Grupa przyjaciół, pierwszy po lewej Władysław Baran
obok Irena Perucka i jej siostra Janina,
pierwszy po prawej Jan Perucki.
Po aresztowaniu ojca zamknięto zakład szewski. W kilka tygodni później na rodzinę spadło kolejne nieszczęście. Andrzej i jego młodszy brat Adam zostali aresztowani w czasie obławy. Zaprowadzono ich do „Dworu” – budynku w którym przed wojną mieściła się szkoła dra Jana Wieczorkowskiego. Andrzej nie miał przy sobie żadnych dokumentów, nie pomogły tłumaczenia, że utrzymuje matkę i młodsze rodzeństwo. Był wysokim, dobrze zbudowanym i wyglądającym na zdrowego młodym mężczyzną, wysłano go więc na przymusowe roboty do Niemiec. Na szczęście Adama, który był niepełnoletni, puszczono wolno. Matka rozpoczęła starania o zwolnienie Andrzeja. Jeszcze tego roku Andrzej wrócił, gdyż znajomy Ukrainiec zgodził się wyjechać do Rzeszy na jego miejsce. Po powrocie postanowił zalegalizować swój pobyt. Znalazł zatrudnienie w warsztatach rzemieślniczych przy niemieckiej szkole policyjnej mieszczącej się w budynku przedwojennego Gimnazjum Żeńskiego im. Św. Tereski. Pełnił też funkcję stróża, recepcjonisty i woźnego. Tam los zetknął go ze starszym bratem Władysława Barana, Józefem. 

Józef Baran urodził się w 1905 roku.
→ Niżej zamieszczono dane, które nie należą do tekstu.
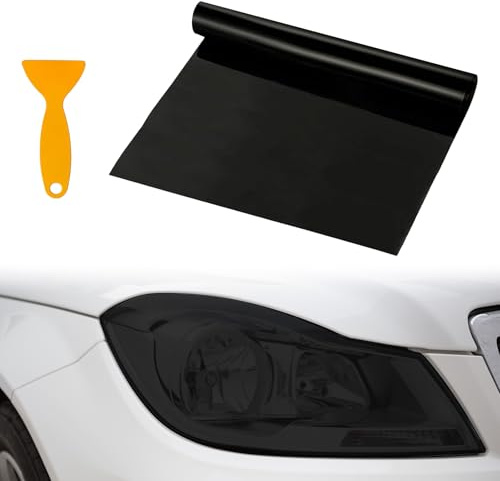 Tönungsfolie Auto,Scheinwerfer Folie,Rücklichttönungsfolie,Vinylfolie | Selbstklebende Autofolie Schutzfolie,Vinylfolie Tönungsfolie für Scheinwerferfolie,Verdunklungsfolie für Rücklichter(Schwarz)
Z zawodu był radiomechanikiem i mechanikiem samochodowym, prawdziwa „złota raczka”. Przed wojną był kierowcą sanitarki PCK oraz samochodu bojowego Ochotniczej Straży Pożarnej w Rabce. Od początku okupacji należał do ZWZ i przyjął pseudonim „Jodła”. W czasie okupacji zatrudnił się w „Teresce” jako mechanik samochodowy. Jako dobry fachowiec ceniony był przez Niemców i samego komendanta szkoły SS-Untersturmführera Wilhelma Rosenbauma.
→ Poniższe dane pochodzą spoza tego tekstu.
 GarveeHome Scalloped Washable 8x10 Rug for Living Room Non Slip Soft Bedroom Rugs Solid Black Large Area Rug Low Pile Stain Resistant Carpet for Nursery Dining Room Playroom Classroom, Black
Samochód Bojowy Ochotniczej Straży Pożarnej w Rabce,
1931 rok, pierwszy po prawej Józef Baran.
Dzięki pomocy „Jodły” Andrzej Stalin ponownie nawiązał kontakt z organizacją, który utracił po przymusowym wyjeździe do Niemiec. Młodzi konspiratorzy postanowili zdobyć broń dla organizacji. Pewnego dnia Andrzej wykradł pistolet jednemu z uczestników kursu policyjnego. Zaginięcie broni nie mogło przejść niezauważone, a Andrzej bardzo szybko stał się jednym z głównych podejrzanych. Musiał porzucić pracę w „Teresce” i od tego czasu ukrywał się w okolicznych wsiach u znajomych lub nocował w lesie.
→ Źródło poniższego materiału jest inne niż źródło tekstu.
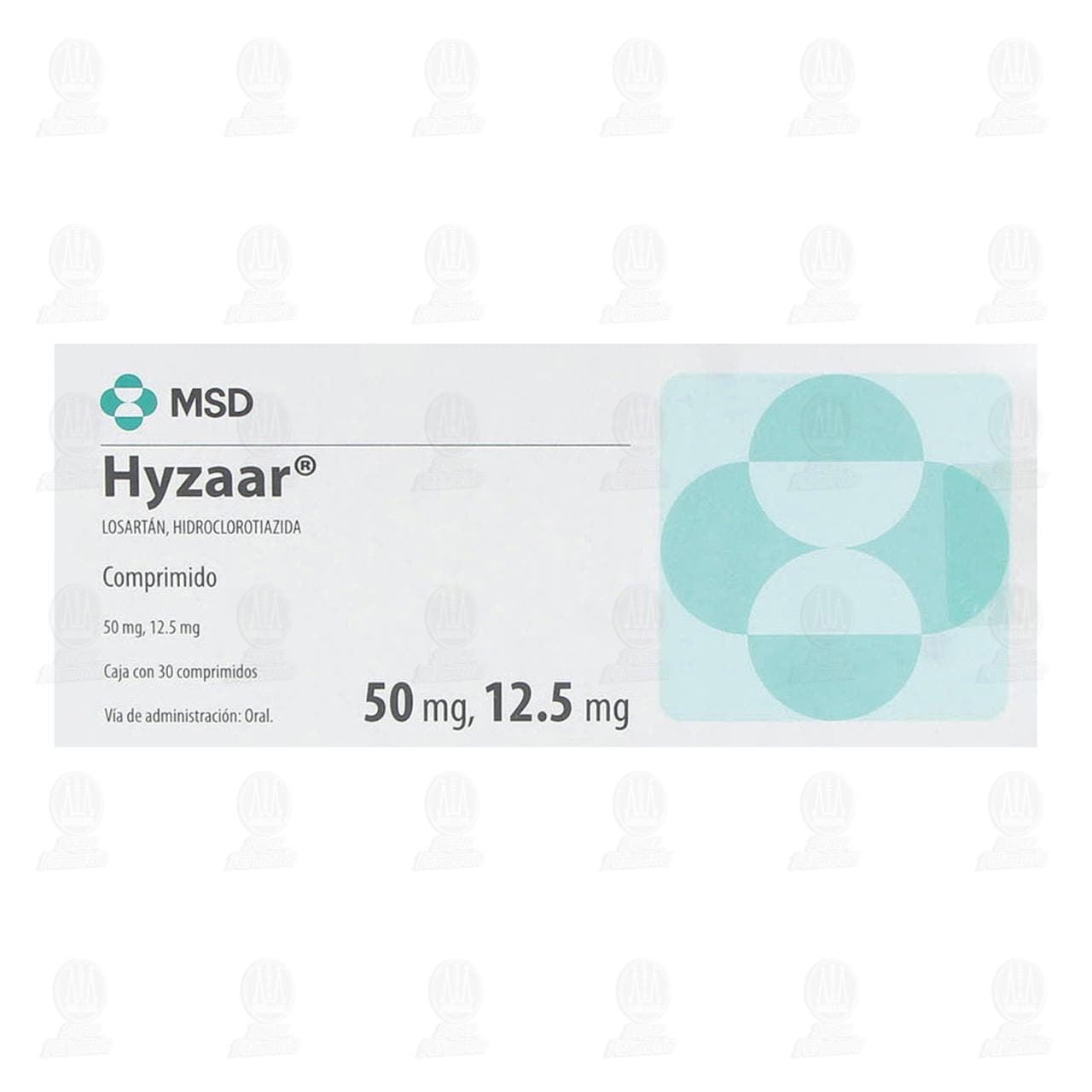 Pack Hyzaar 50mg/12.5mg, 2 Cajas 30 Comprimidos c/u. image number 1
Willa „Tereska”, w latach 1940-1945 siedziba niemieckiej
szkoły policyjnej „Schule der Sicherheitspolizei und SD im GG”.
Niedługo potem, pod koniec sierpnia 1942 roku, dołączył do niego Józef Baran „Jodła”, który również musiał się ukrywać. Został on aresztowany na terenie szkoły przez Rosenbauma, kiedy przyszedł do pracy. Postawiono mu zarzut organizowania próby ucieczki przymusowych pracowników żydowskich. Na szczęście dla „Jodły” komendant został odwołany do „ważnych spraw służbowych” - w tym czasie likwidowano żydowskich mieszkańców Rabki. Zatrzymanego zamknięto w ubikacji, tam miał czekać na rozwój wydarzeń. Znał komendanta i wiedział, że czekają go brutalne przesłuchania. Wolał więc spróbować ucieczki, przecież mogło się udać. Zdołał za pomocą wytrycha, który zrobił z kawałka drutu, otworzyć zamek w drzwiach. Następnie nie wzbudzając podejrzeń, strażnicy znali go i nie byli powiadomieni o jego aresztowaniu, opuścił budynek. 

W lasach Lubonia Andrzej Stalin i Józef Baran wybudowali ziemiankę i tam przebywali do zimy. Żywność i wiadomości przynosiła im siostra Józefa, Maria i młodszy brat Władysław „Baca”. Tymczasem Niemcy poszukiwali obu zbiegów. Nachodzili ich rodzinne domy, przeprowadzali rewizje. Żona Józefa, Stefania, wraz z córką Ireną wyprowadziła się z willi „Józefa” i przeniosła do domu krewnego Czesława Stolarczyka. Nadchodziła zima, uciekinierom coraz trudniej było żyć w lesie. Należało pomyśleć o lepszej kryjówce. Dla Józefa przygotowano schowek na poddaszu domu jego matki. Andrzej również powrócił do rodzinnego domu na Zaborni, gdzie pod podłogą przygotowano dla niego kryjówkę. Wejście do niej zostało zamaskowane szafą. W swych domach przetrwali do wiosny 1943 roku. 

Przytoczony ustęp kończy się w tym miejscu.